Cyber Monday Evolution
2005: First-year calling it Cyber Monday.
2006: Due to limited supplies of popular items (mostly games and toys) in stores Cyber Monday became a popular shopping outlet for holiday shoppers.
2007: The Great Recession hit right after Cyber Monday. This didn’t change the upward trend of how much was being spent during this huge shopping day. It made Cyber Monday more attractive because consumers didn’t have the money for fun shopping and needed great deals.
2008: This is the year Amazon become the number 1 retail site putting Walmart in second place. Amazon’s traffic increased by 21%.
2009: Walmart tried to come back and announced Cyber Week with cyber sales continuing for 5 days!
2010: Other retailers liked what Walmart had done the previous year and started to do the same. The week after Thanksgiving became Cyber Week. According to comScore, this was the first year Cyber Monday hit $1 billion.
2011: Deals started happening on Thanksgiving Day. Black Friday and Cyber Monday had officially merged according to CNBC.
2012: Smartphones are now a popular way to purchase on Cyber Monday. 18% of shoppers used their smartphones.
2013: The standard for 30%-50% off was started.
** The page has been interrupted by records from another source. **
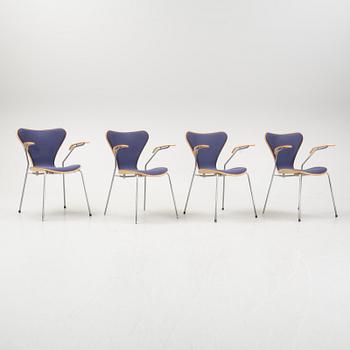 Arne Jacobsen, Four "Seven" armchairs, designed by Arne Jacobsen for Fritz Hansen.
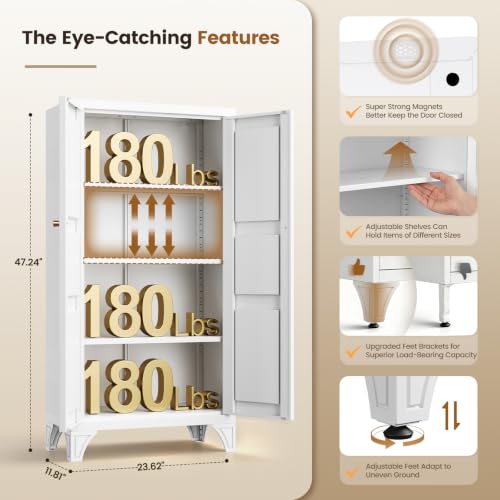 Image of Yizosh Metal Storage Cabinet with Doors and 3 Adjustable Shelves - 47 inch White Kitchen Pantry Storage Cabinet Locker for Kitchen,Living Room,Dining Room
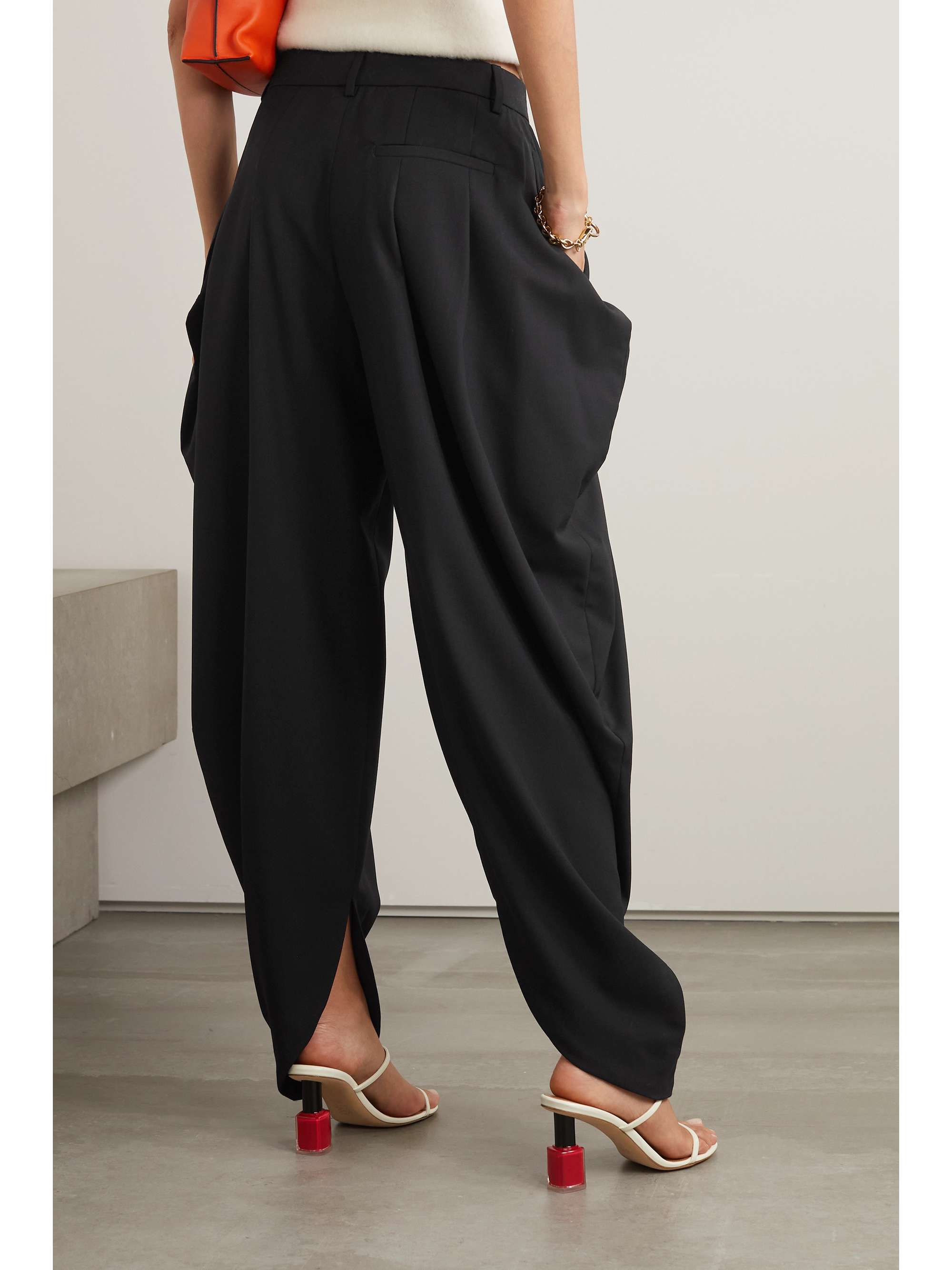 LOEWE Asymmetric grain de poudre wool tapered pants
2014: Nothing really changed.
2015: Target offered 15% off sitewide so everything was on sale.
2016: Retailers didn’t limit themselves to one day or even one week anymore but have started to let sales lead into early December.
2017: Sales started Thanksgiving Day and lasted through the following week without changing. There is no sign of any many major changes for 2018.
Curious how much is spent on Cyber Monday?
We were, too! We found numbers on comScore.
2005: $484 million
2006: $608 million
2007: $733 million
2008: $846 million
2009: $887 million
2010: $1.028 billion
2011: $1.25 billion
2012: $1.46 billion
2013: $1.74 billion
2014: $2.04 billion
2015: $2.28 billion
2016: $2.67 billion
2017: $3.36 billion
There were 81 million shoppers last year.